The head of Statistics Canada says it would be costly and difficult to collect monthly labour statistics on First Nations reserves – but that it's "entirely possible" to collect the data on an annual basis, provided there's government will and enough funding.
Canada does not collect monthly statistics on First Nations reserves as part of its labour force survey, an omission Statscan says is largely due to high costs of gathering data from remote areas. This means about half of the country's First Nations population does not show up in the data, making it difficult to determine jobless rates or the effectiveness of various government programs.
That statistical gap is unlikely to change any time soon. The country's labour force survey is intended to give a "quick, accurate and timely measure" of job market conditions – while gathered at an affordable price, said Wayne Smith, chief statistician of Statistics Canada in a Feb. 23 interview in Ottawa.

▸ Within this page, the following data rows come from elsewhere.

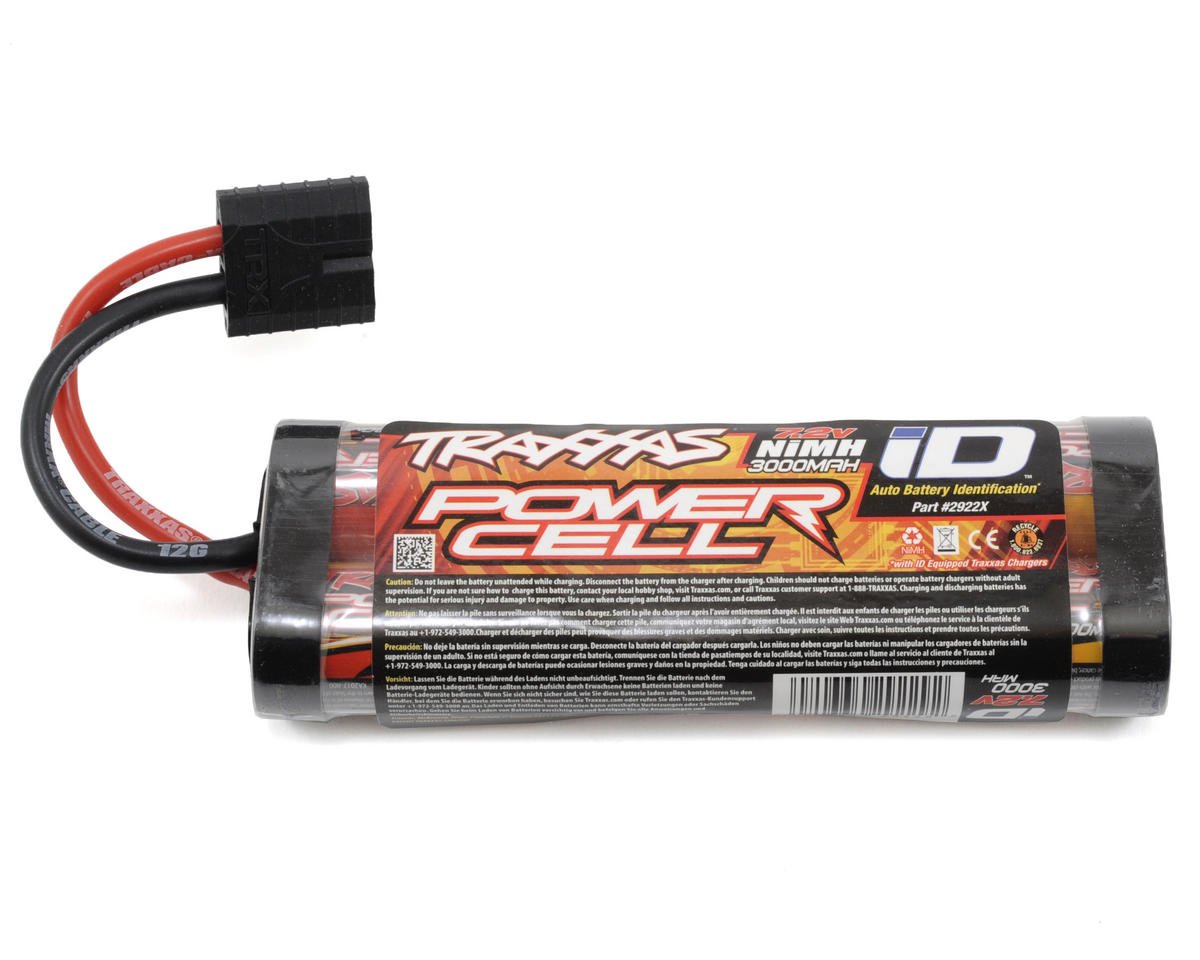 Traxxas Power Cell 7 Cell Hump NiMH Battery Pack w/iD Connector 8.4V/3000mAh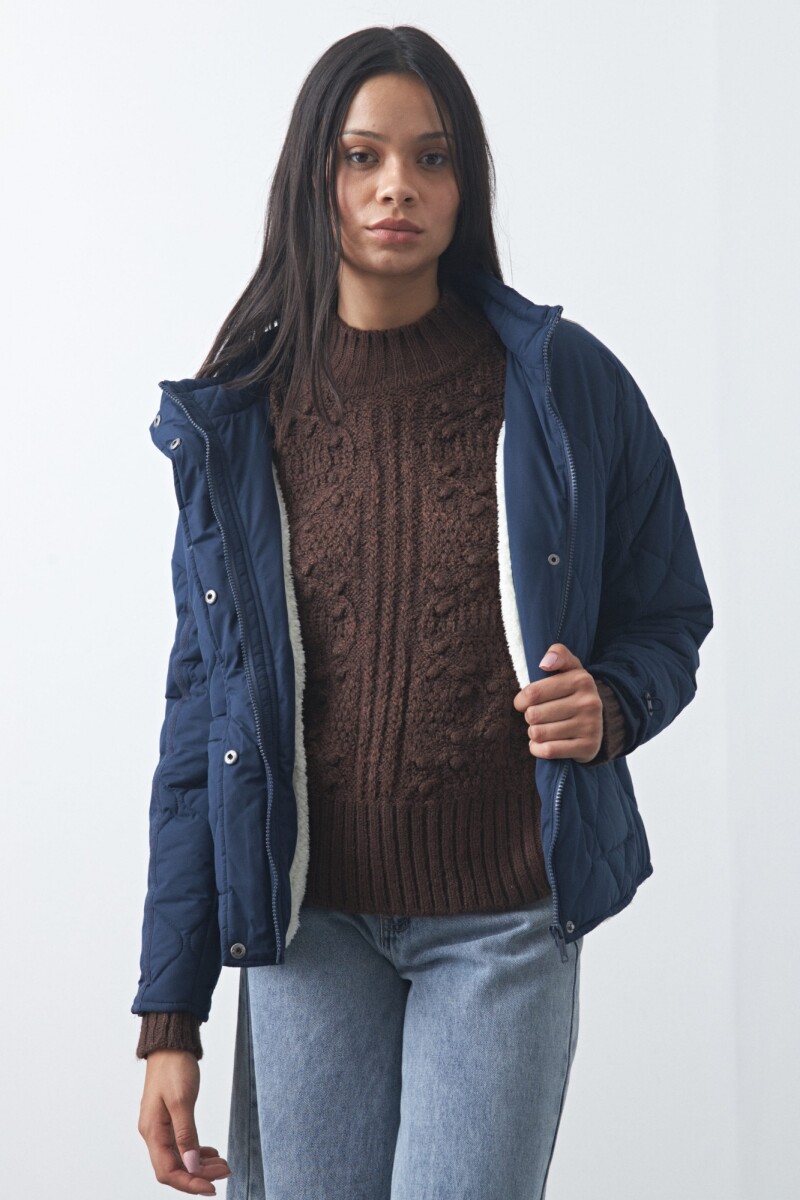 CAMPERA SAFIA Azul Marino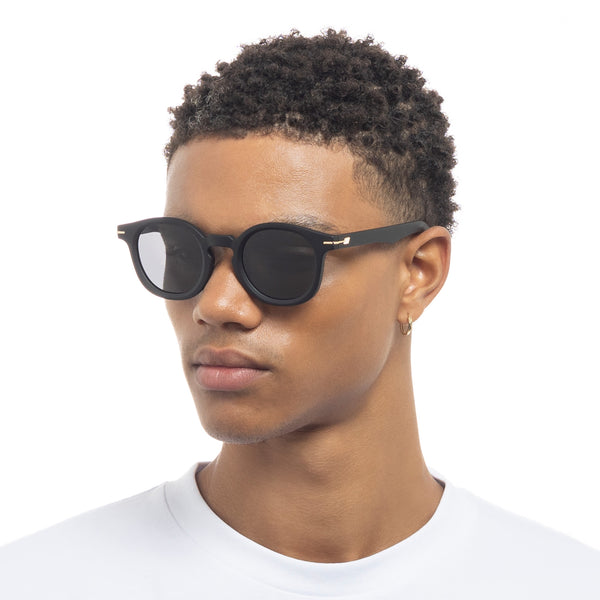 Le Specs Hoodwinked | Matte Black Polarized Sunglasses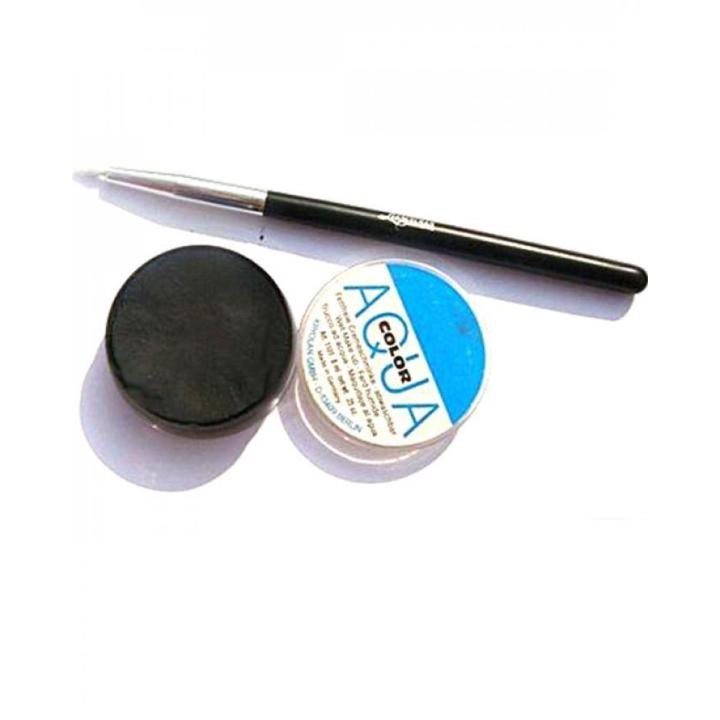 Gel liner eye liner Kajal Cake liner for professional Eye make up.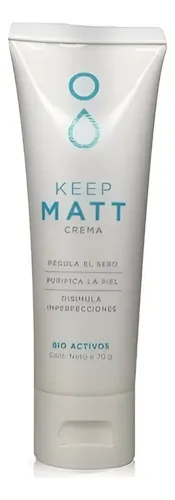 Crema Keep Matt Reguladora Sebo Puntos Negros X 70 Icono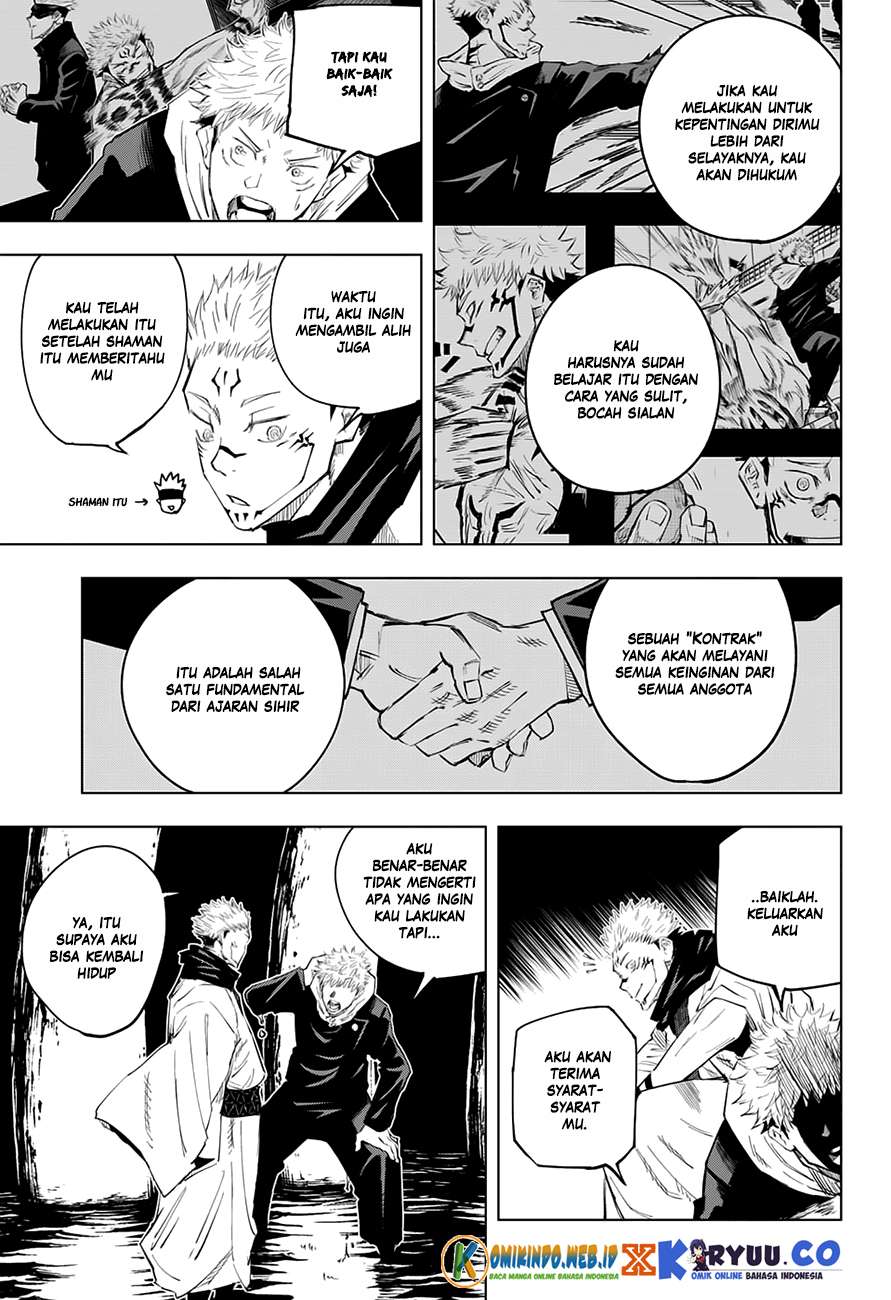 Read Jujutsu Kaisen (ID) Manga Online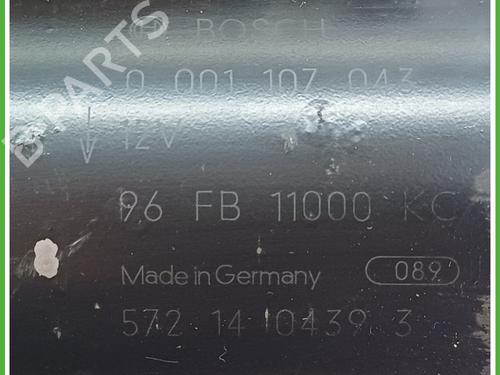 Starter FORD FIESTA IV (JA_, JB_) 1.25 i 16V | BP20329753M8 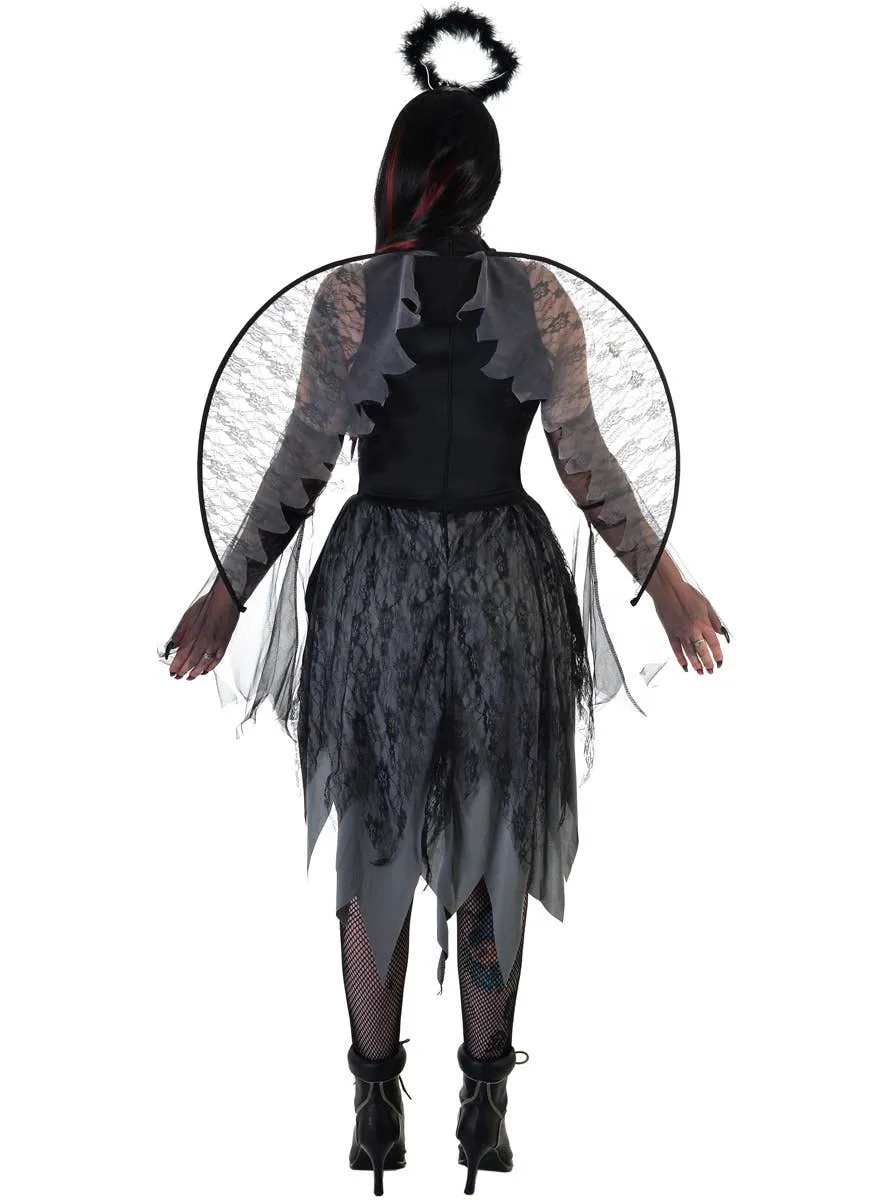 Broken Fallen Angel Womens Halloween Costume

It would prove difficult to sample all reserves on a monthly basis, he said.
"You cannot modify the labour force survey to generate estimates for all reserves in Canada, monthly," Mr. Smith said. The task is too huge, the costs are too large and the complications are too enormous for us to be able to do that."
For now, labour market data on one of Canada's fastest-growing populations (with one of the highest rates of joblessness) comes only every five years, in what used to be the long-form census and is now called the national household survey. Some experts say that information is unreliable because the NHS is a voluntary survey.
But Mr. Smith said the agency's canvassers visited every household on reserves for the NHS in 2011 in which it was granted permission or was able to due to weather conditions, rather than conducting a sample, making it a "a very comprehensive view of labour market conditions on reserve." It also sent in-person canvassers to Inuit communities. In the 2011 survey, 36 First Nations reserves and settlements didn't participate or were incompletely enumerated, compared with 22 in the 2006 census.
The jobless rate for the working-age on-reserve status Indian population, at 22 per cent, was nearly quadruple the rate for other Canadians, the NHS showed.
If once every five years isn't enough, however, Mr. Smith said it is "entirely possible" to collect information on a more frequent basis. It's just a question of funding – and whether any government department deems this a priority.
"It comes down to the people who are trying to address this need to make a recommendation that this survey should be done more frequently than just the time of the census. And that being the case, then it's possible. But Statscan couldn't undertake a survey that large with its existing resources," he said.
"Really, it's the people who – the policy-makers and the decision makers who need the data – if they really believe they need it on a more frequent basis than provided from the census, they need to articulate that, win the support of the government and we need the access to the resources necessary to do it. It's entirely doable. And I'm not diminishing the importance of the problem … if I could solve it with a minor investment of my own, I would, but going to a monthly basis, we're talking in the $10-million range, plus. It might make more sense to go quarterly or annually."
Better labour market information about Aboriginal people, particularly on reserves, is "particularly important," and should be a high priority, noted a 2009 federal labour market panel chaired by economist Don Drummond. It urged Statscan to develop a plan, backed by the federal government, to carry out the labour force survey on reserves.
Kelly Lendsay, president and CEO of the Aboriginal Human Resource Council, said more accurate, current and comparable labour market data on reserves would help plan skills training and educational priorities, and better calculate long-term employment projections. He would like to see this data produced at least every two years.
"Given the speed of change in labour markets, in skills training and technological change, there is a need for more and better information."
A lack of data makes it more difficult to assess the effectiveness of government programs such as job retraining or skills development on reserves. It also means these communities aren't included in regional unemployment numbers. Seemingly low regional jobless rates have allowed some employers to bring in temporary foreign workers despite operating in or near areas of high First Nations joblessness.